Stored entries:
..........
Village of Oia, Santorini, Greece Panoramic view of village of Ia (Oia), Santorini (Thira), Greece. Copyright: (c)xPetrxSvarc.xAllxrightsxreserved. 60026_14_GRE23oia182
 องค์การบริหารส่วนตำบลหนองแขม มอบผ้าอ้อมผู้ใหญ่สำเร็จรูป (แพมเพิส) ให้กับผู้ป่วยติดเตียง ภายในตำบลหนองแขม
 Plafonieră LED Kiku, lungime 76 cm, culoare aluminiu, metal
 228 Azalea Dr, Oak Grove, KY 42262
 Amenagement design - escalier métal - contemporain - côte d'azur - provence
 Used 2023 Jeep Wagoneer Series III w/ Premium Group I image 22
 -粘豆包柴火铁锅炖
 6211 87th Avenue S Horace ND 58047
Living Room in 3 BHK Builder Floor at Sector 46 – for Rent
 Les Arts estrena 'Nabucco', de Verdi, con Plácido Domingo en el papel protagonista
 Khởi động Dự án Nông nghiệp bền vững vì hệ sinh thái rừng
..........
# Task requirements:
Repeat word for word from the line holding "Les Arts estrena" down to the last line above, including both.

# Response to this exercise:
 Les Arts estrena 'Nabucco', de Verdi, con Plácido Domingo en el papel protagonista
 Khởi động Dự án Nông nghiệp bền vững vì hệ sinh thái rừng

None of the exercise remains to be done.